**Required action:**
Drop every image, then reproduce the data exactly as given.

**Data extract:**
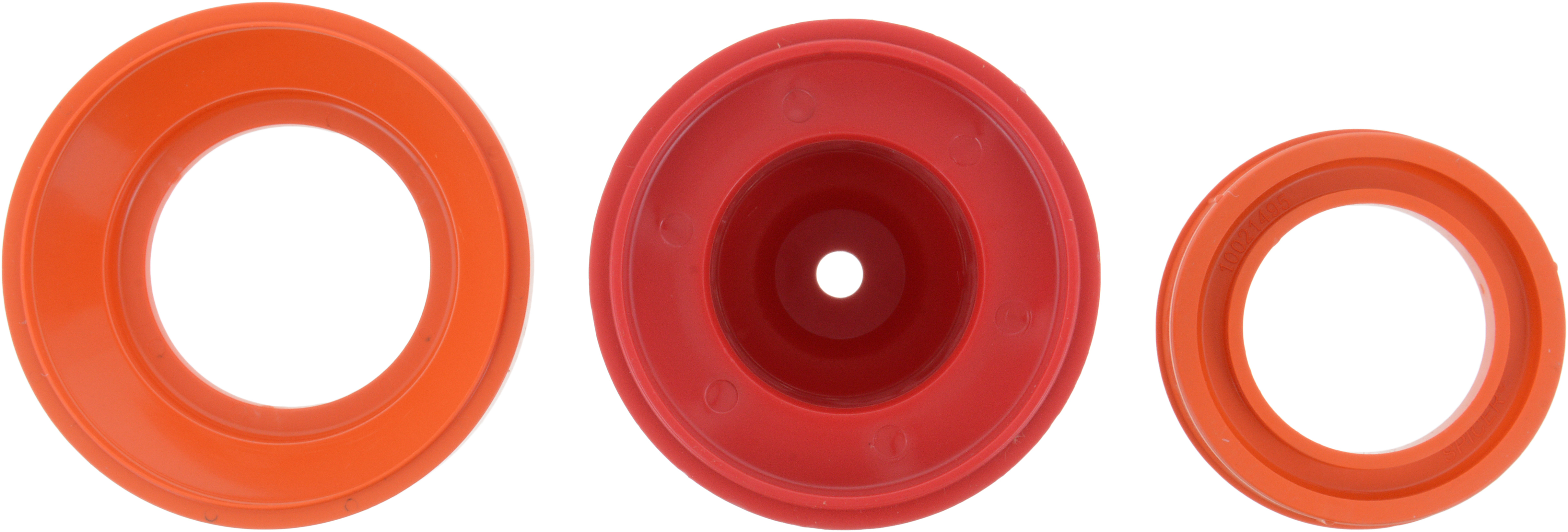 Axle Seal Installation Tool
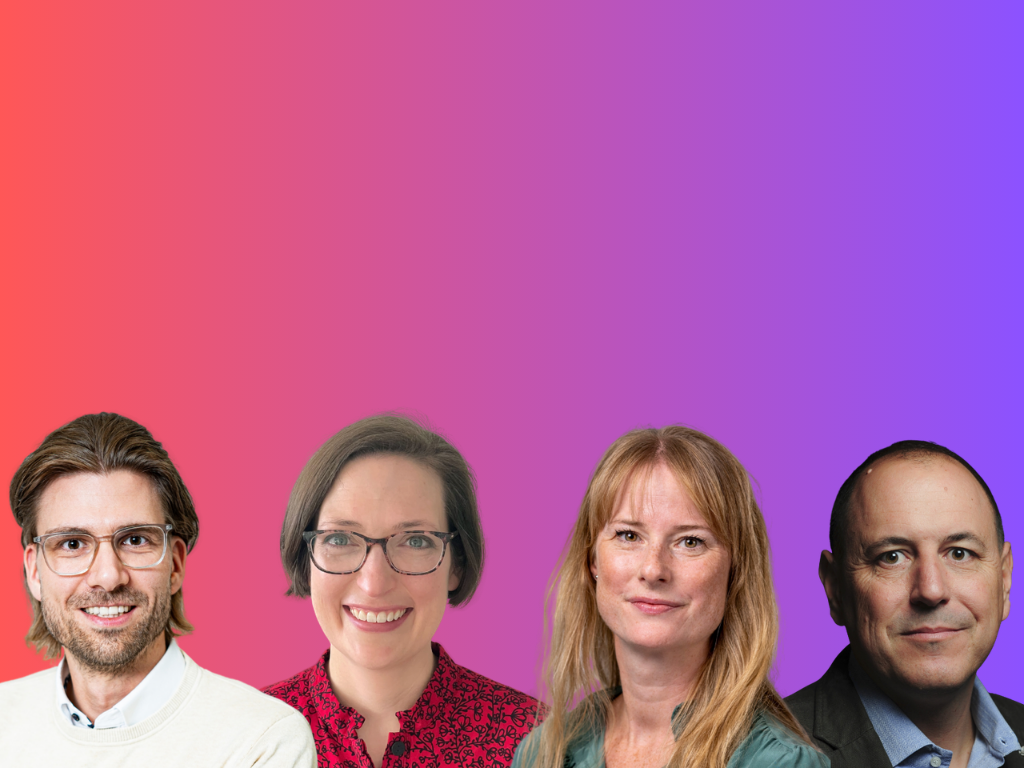 Axel Springer Global Reporters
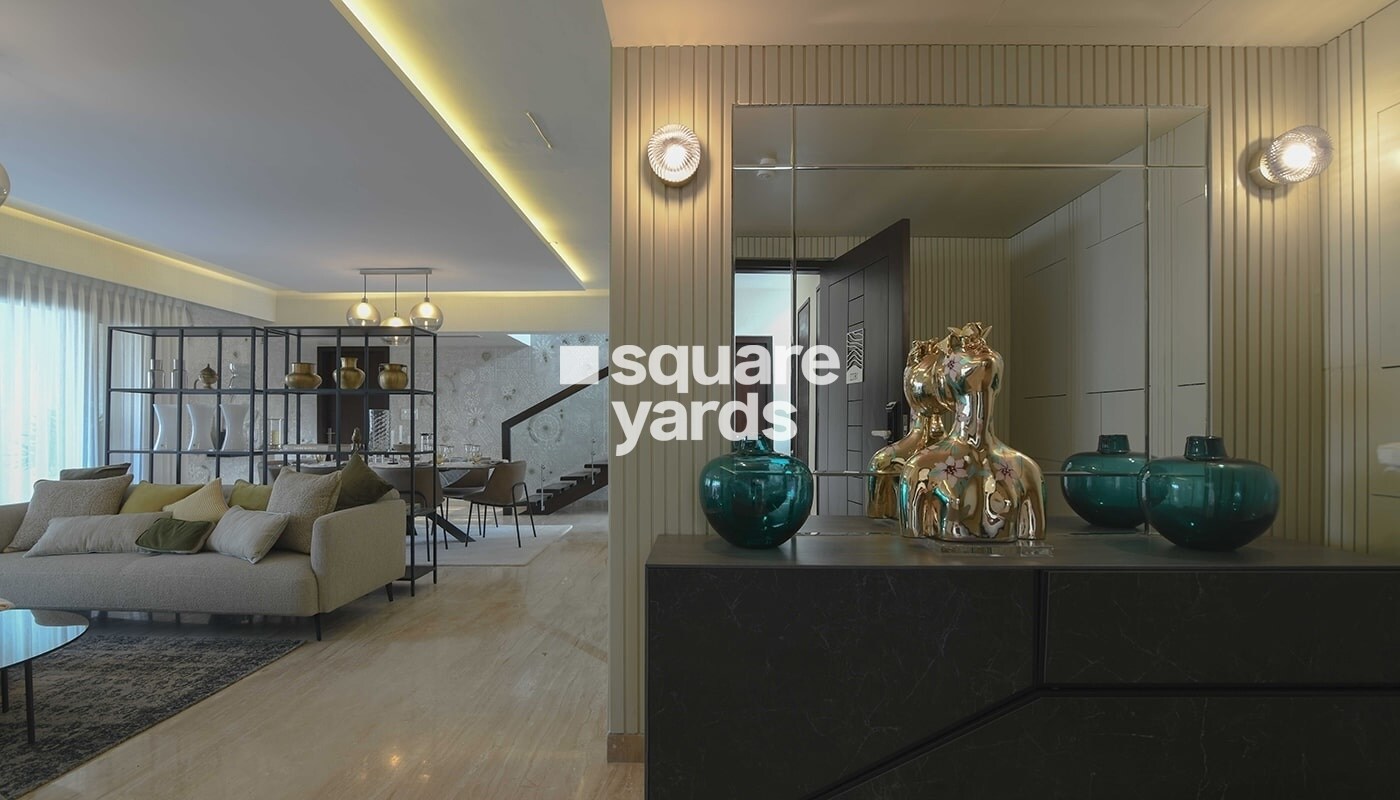 Embassy Grove Apartment Interiors 7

**Exercise solution:**
 Axle Seal Installation Tool
 Axel Springer Global Reporters
 Embassy Grove Apartment Interiors 7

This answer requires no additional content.